At MAC Resourcing we believe that a partnership approach is the most effective way to work with our clients.  Apart from the cost savings often by our approach we believe the flexibility of our service can help our clients through the peaks and troughs in recruitment throughout the year, can provide specialist expertise, can use the client’s own brand to attract candidates who might otherwise not respond and allow their internal staff to get back to their own jobs. Our expertise also allows us to provide insight on the selection of candidates which his hugely important yet often overlooked. We can review the recruitment and selection process from start to finish and offer advice and support at each stage making the process smoother, more robust and quicker, benefiting the company and candidates alike.

Recruitment and selection are after all people based processes so why not build business relationships that work and last.

For an initial discussion on how our partnership approach could benefit your business please call 01224 577070 or visit for more information.


It is not so long ago that at least two pre-employment references were taken up on each candidate as a vital part of the recruitment process.  Offers of employment are often still made “subject to satisfactory references” and can be withdrawn if the references are not deemed suitable.

These days, for legal reasons, more and more companies are only willing to provide very basic, factual details in a reference such as dates of employment and job title.  Many companies also have a policy to this effect or have it written into their staff handbook that employees are not allowed to give a reference on behalf of the company.
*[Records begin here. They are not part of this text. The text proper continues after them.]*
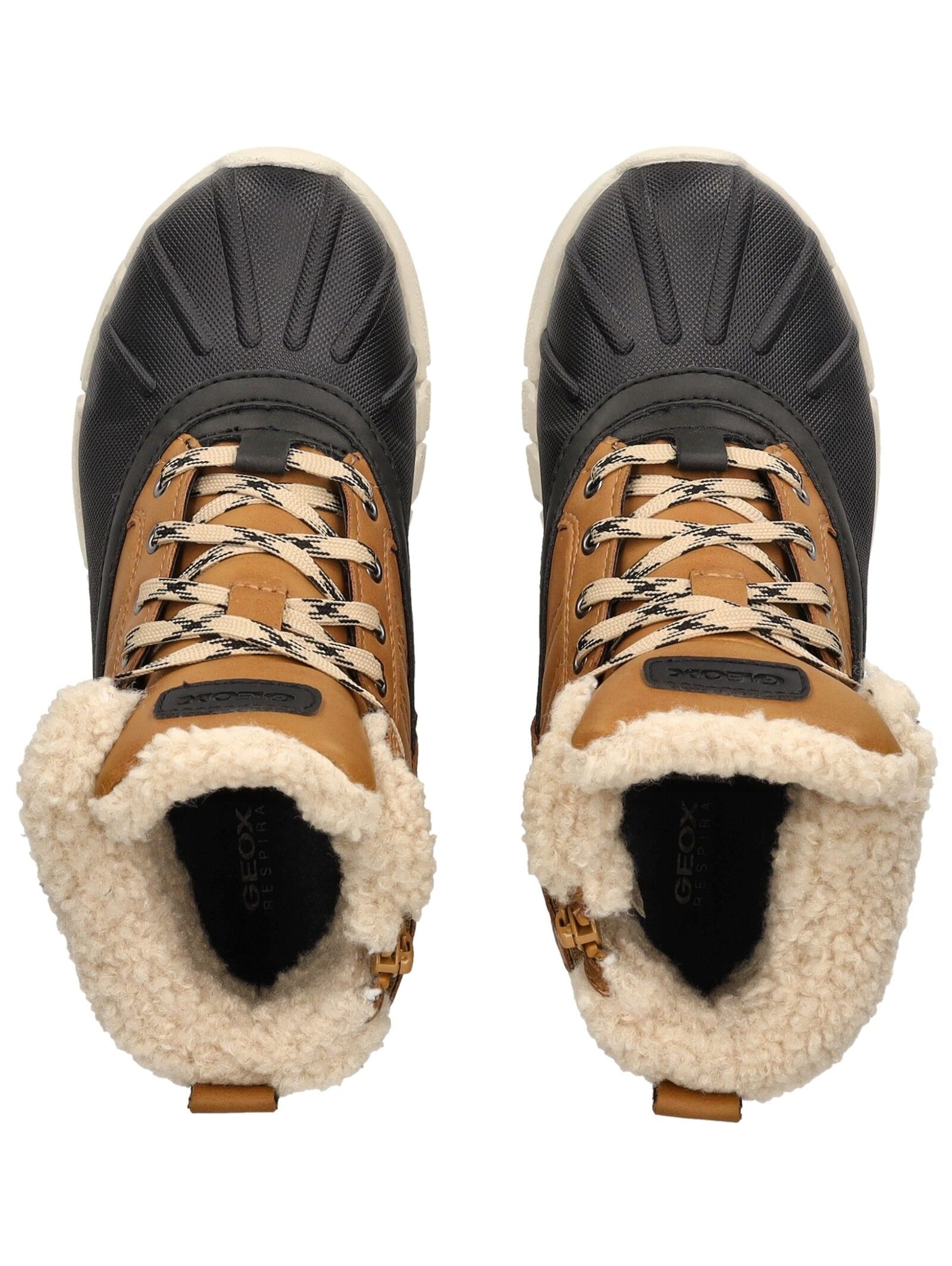 Geox Schnürstiefelette »Geox Stiefelette Lederimitat/Textil«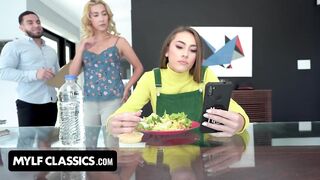 Horny House Inspector Freeuse Fucks A Stepmother And Her Stepdaughter - MYLF Classics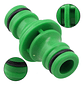 Acople Rápido Para Manguera De 1/2  Conector Macho Plástico Verde - Miniatura 4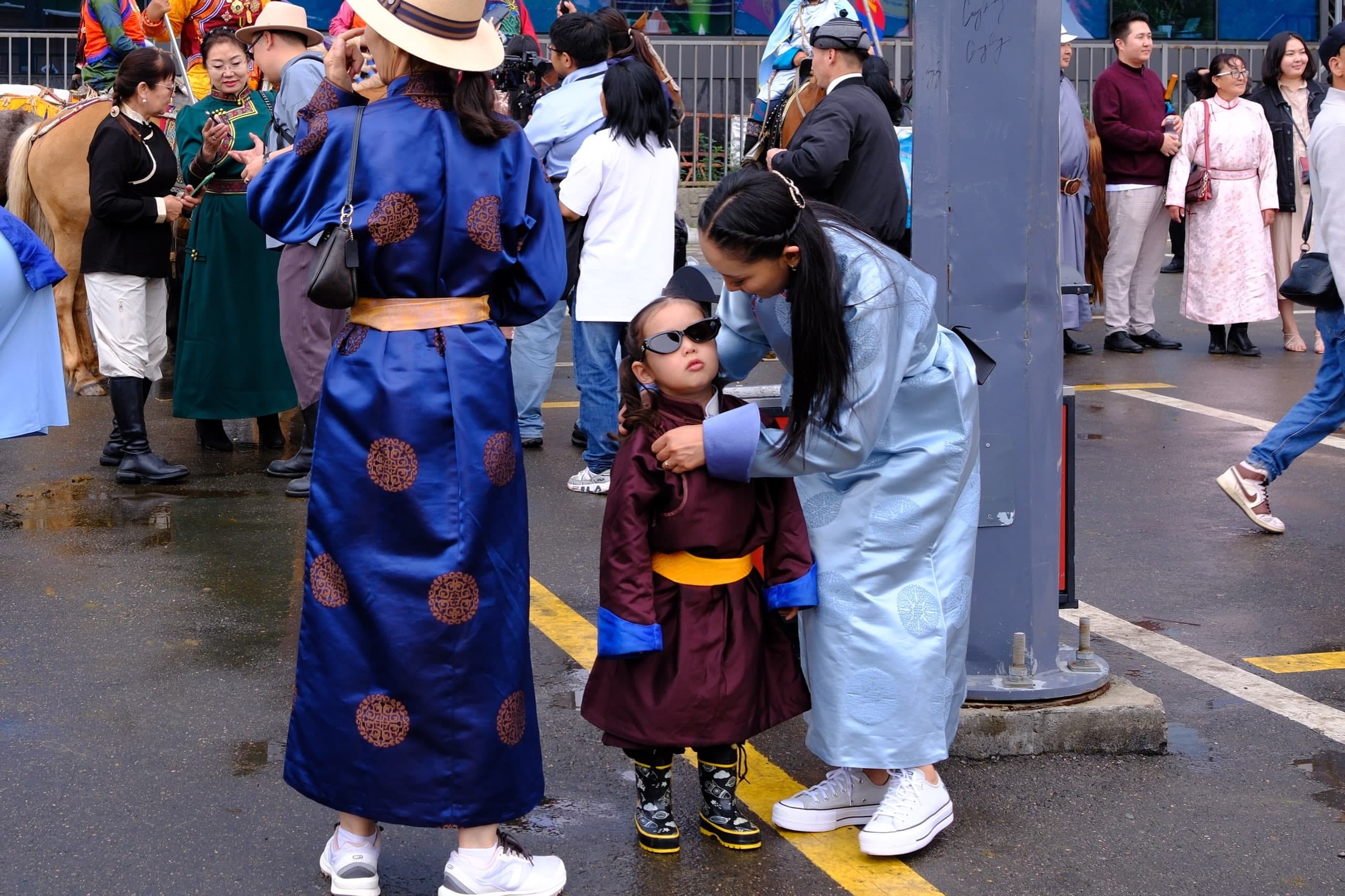 Naadam is a national holiday; families travel for it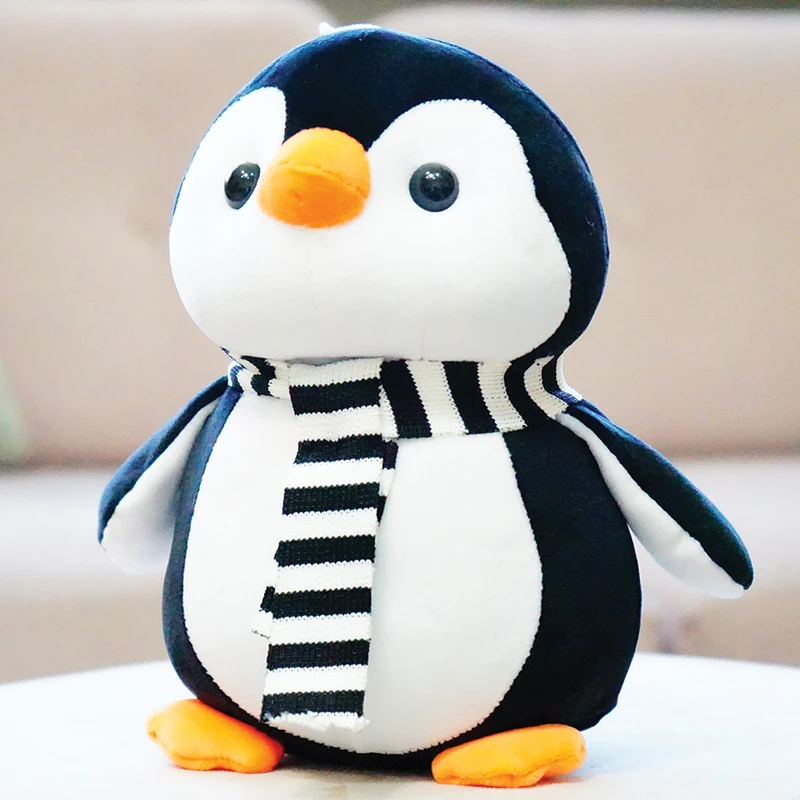 عروسک مدل پنگوئن شالدار نانو ارتفاع 23 سانتی متر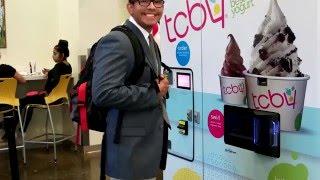 Introducing the TCBY vending machine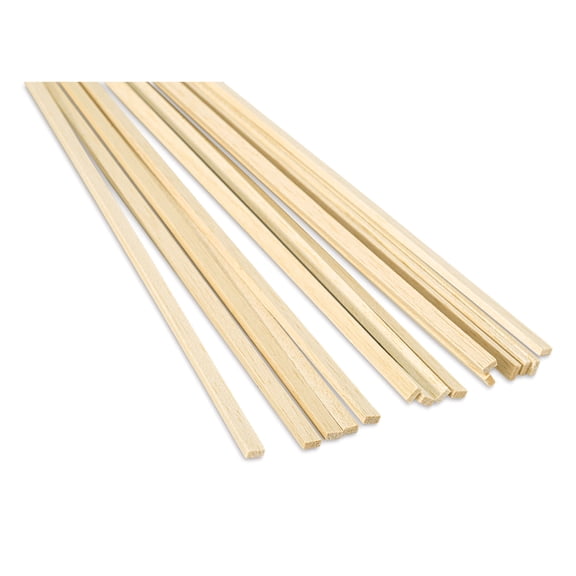Bud Nosen Balsa Wood Sticks - 3/16" x 3/8" x 36", Pkg of 15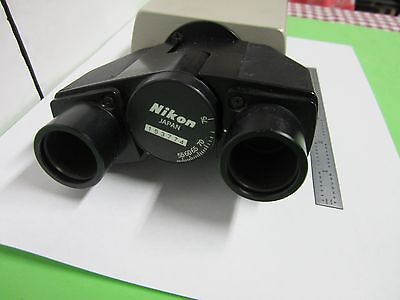 MICROSCOPE PART NIKON HEAD OPTICS AS IS BIN#L1-06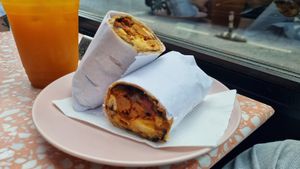 "All-day-breakfast" (10,99€) at It's a Trap in Dublin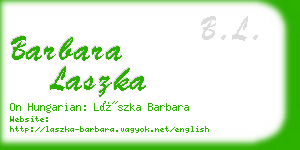 barbara laszka business card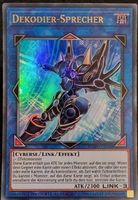 Yu-Gi-Oh! Dekodier Sprecher DUPO-DE106 Ultra Rare Limitierte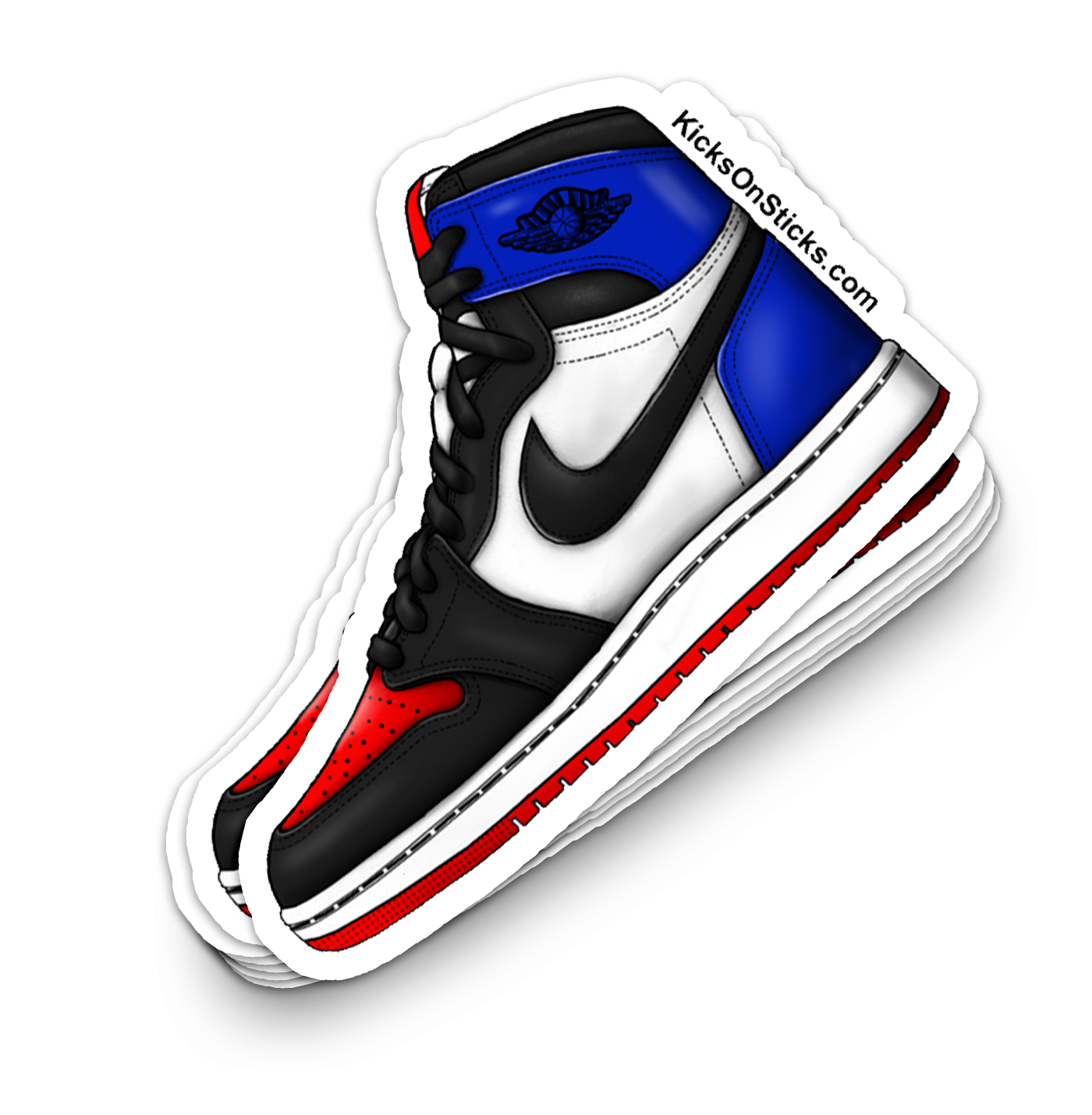 Jordan 1 "Top 3" B Sneaker Sticker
Taking up two of these references can be seen as more of a box-ticking exercise than a useful and informative part of a selection process.

Of course the candidate’s ex-colleagues can provide a personal reference if they want to but are these worth the paper they are written on?  Surely a candidate would only choose someone who likes them and is likely to be positive about them to be a referee?

So, we can get basic details from a previous employer and a gushing description of how fantastic the candidate is from an ex-colleague who is also a friend but how do we really know whether previous employers, colleagues or clients would recommend that individual’s work?

Word of mouth is probably the most common answer, if the candidate has been recommended by someone known to the employer and whose opinion they trust then they are certainly more likely to progress their application.  As the old adage goes it’s not what you know but who you know. Second to this though is online information in other words the recruiter will Google the candidate’s name and see what they find.  A LinkedIn profile is a likely starting point for research – does the candidate’s work history tie in with what is on the CV, are the dates the same, what skills and specialities do they have, and specifically what recommendations do they have?  Be aware though that there is no point having a well-polished LinkedIn profile is you have a Twitter or Facebook profile that gives a completely different picture of you.  Do you have lots of drunken pictures of you on nights out or have you been saying negative things about current or previous employers on your page?  These can all reflect poorly to a potential employer.

We are not suggesting that people should not be active in these social meeting settings but simply that they should err on the side of caution.  If you are job hunting try Googling yourself and double-check the privacy settings on your accounts to ensure that potential employers see just what you want them to.